Private credit funds have funneled nearly $560 billion into U.S. businesses since 2023, according to new industry figures, a wave of nonbank lending that trade group MFA says has supported jobs and juiced economic activity. The boom is arriving just as some large private credit vehicles face rising redemption requests, drawing closer scrutiny from regulators and forcing investors, pension trustees and borrowers to decide whether this is a sturdy new capital channel or a pocket of risk that needs tighter oversight.
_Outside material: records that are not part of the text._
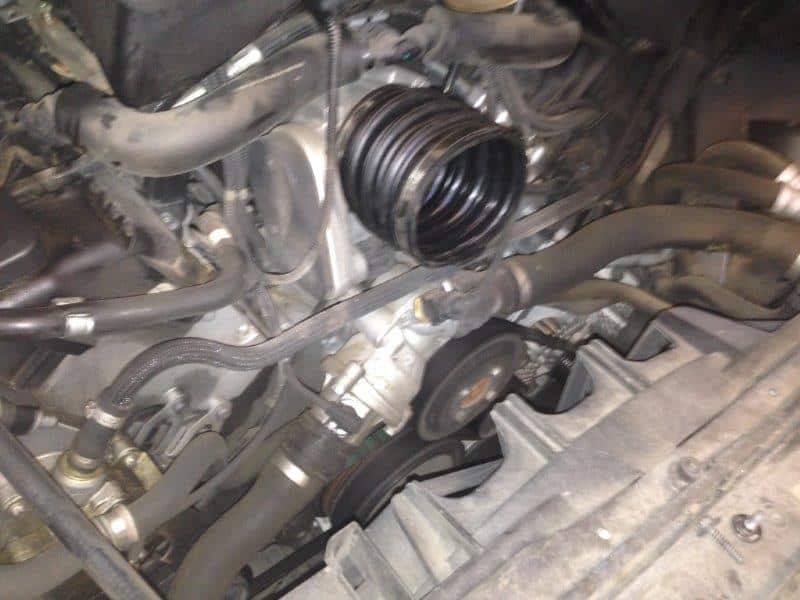 Car engine bay with exposed belts and hoses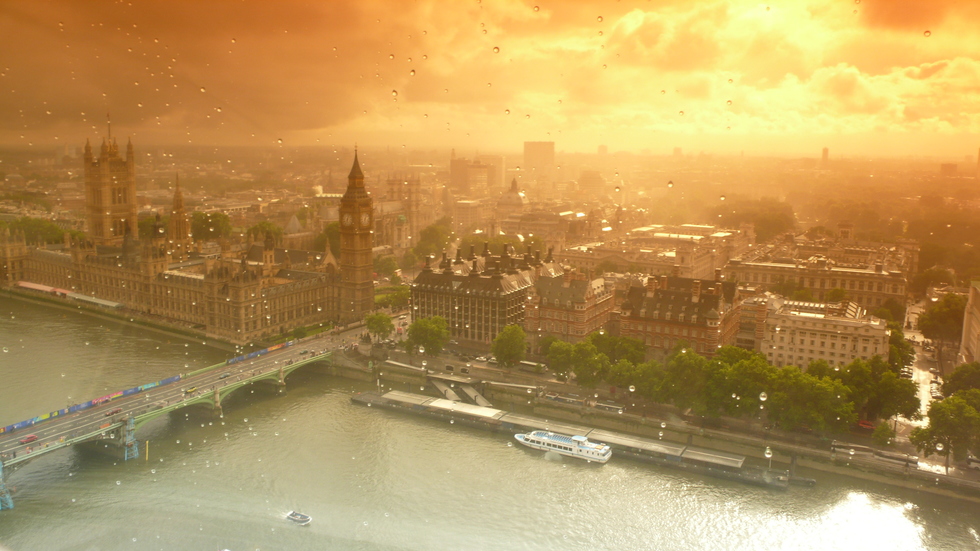 Aerial view of an orange overcast London through a rain speckled glass pane
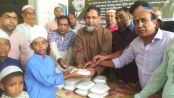 দুপচাঁচিয়ায় এতিম শিশুদের মাঝে যুবদলের খাবার বিতরণ
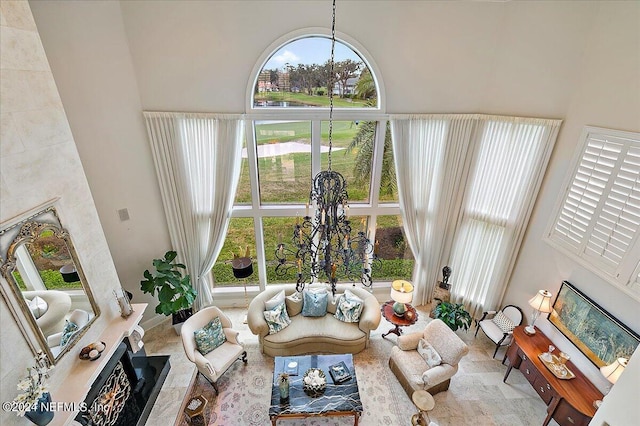 living room featuring a towering ceiling and a notable chandelier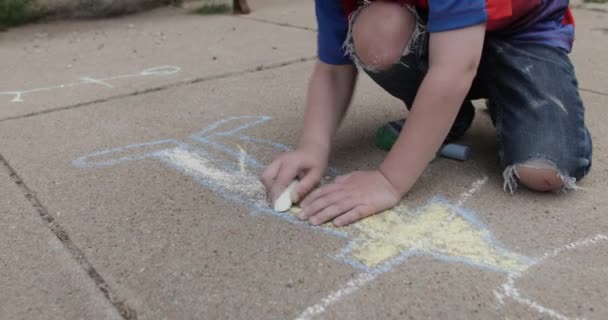 Ένα Νεαρό Χαρούμενο Αγόρι Σχεδιάζει Και Χρωματίζει Κιμωλία Στην Πλαϊνή — Αρχείο Βίντεο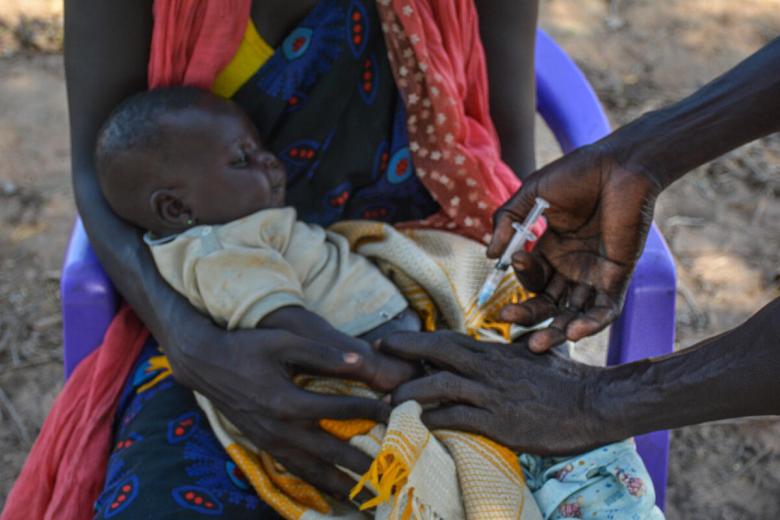 Child getting an injection against polio in South Sudan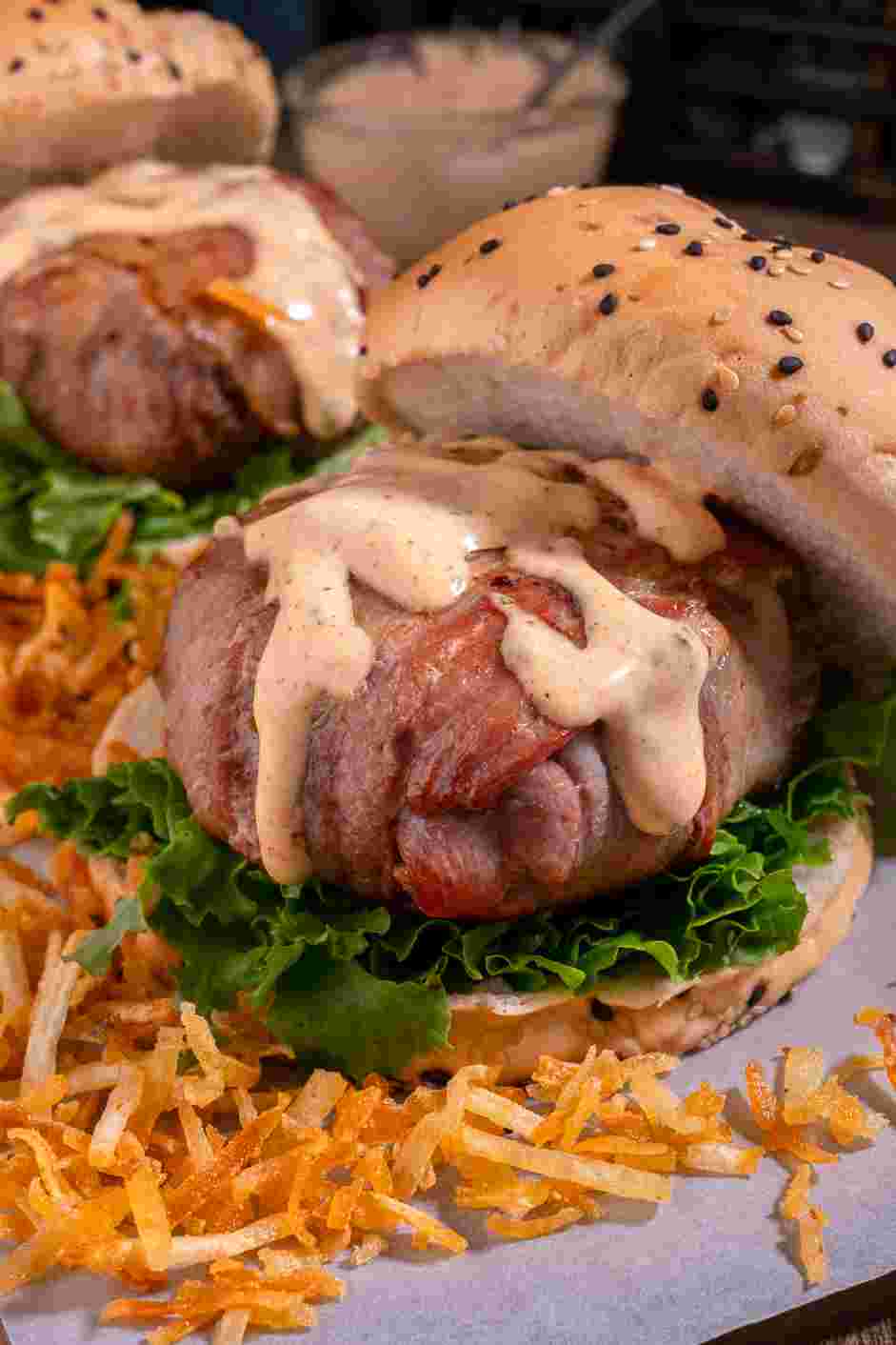 Bacon Wrapped Burger Recipe: Serve patties on burger buns with the creole drizzle and your favorite condiments.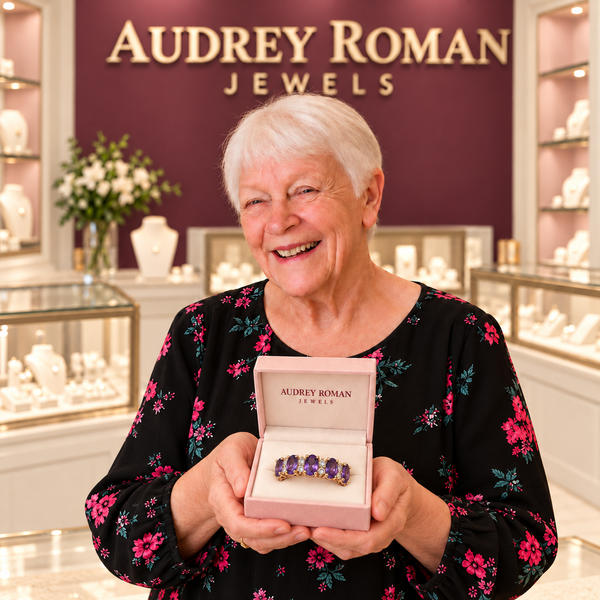 Hazel Purple Crest Ring (rose-gold-tone) presented in its box by the woman in the Audrey boutique.
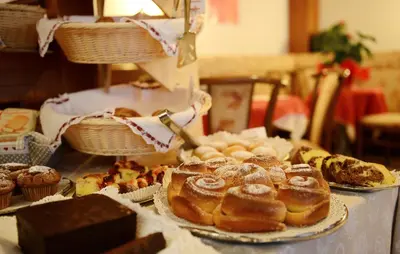a table with various pastries and cakes and other desserts at Residence Hotel Fever in Ortisei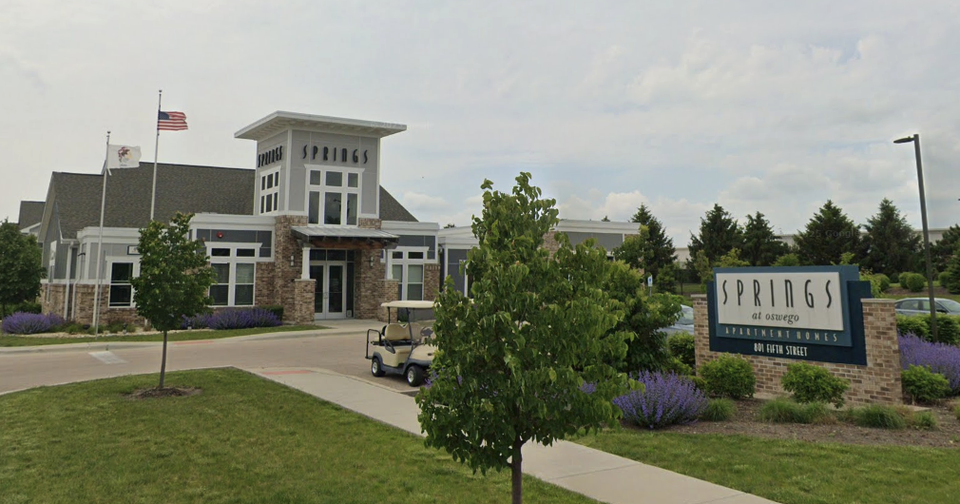 Modern building with "Springs at Oswego Apartment Homes" sign, flags, and landscaping featuring purple flowers and greenery on a sunny day.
In a new dataset, the Managed Funds Association says private credit funds, using Preqin and federal data, have made almost $560 billion in new loans to U.S. firms since 2023 and that those loans helped generate roughly $897 billion in economic activity while supporting about 6.5 million jobs, according to MFA. The group also notes that pensions, foundations and endowments have placed more than $1.5 trillion into hedge funds and alternative vehicles that back private lending, per MFA. “Private credit and hedge funds strengthen America’s public and private capital markets and drive economic growth,” MFA President Bryan Corbett said in the release.

Regulators Step In

The rapid buildout has caught the eye of policymakers. The Federal Reserve’s May 2026 Financial Stability Report found that private credit loans accounted for about $1.4 trillion of corporate debt as of late 2025 and documented higher redemption requests at semi liquid private credit vehicles. On May 6 the Financial Stability Board released a report warning that valuation opacity, concentrated exposures and links with banks and insurers could amplify stress unless data and monitoring improve, and it urged comparable metrics and better reporting so supervisors can track risks more consistently.

Where It Touches Local Investors

Public pension boards and local investors are already feeling the shift. San Francisco’s retirement system signed off on roughly $110 million in new commitments, expanding its private credit footprint, according to drops $110 million on Asia loans, Bay Area startups. At the same time, reporting in the financial press shows many large North American pensions have largely maintained or even boosted private credit allocations, treating the asset class as a long term source of yield rather than a quick trade, a stance that helps explain why banks, managers and trustees remain committed even as the spotlight grows harsher.

What Comes Next

Policymakers and supervisors are now mapping out next steps. The FSB laid out a package of data and monitoring recommendations that would track market size, links with banks and insurers, leverage, liquidity features and borrower credit quality, while the Fed emphasized that although near term systemic risk to banks appears limited, continued redemptions and funding strains could still reduce credit for some borrowers. Industry groups, for their part, are pushing for a regulatory framework that preserves private markets while improving transparency, and whether regulators choose more prescriptive rules or focus on expanded reporting will shape how quickly managers and trustees adjust.

Bottom line, the MFA figures show private credit is already a central funding source for many companies, and the coming months will reveal whether sharper disclosures and stronger supervisory tools are enough to steady the market or whether uneven loan performance and liquidity pressures force a tougher reset for managers and investors alike.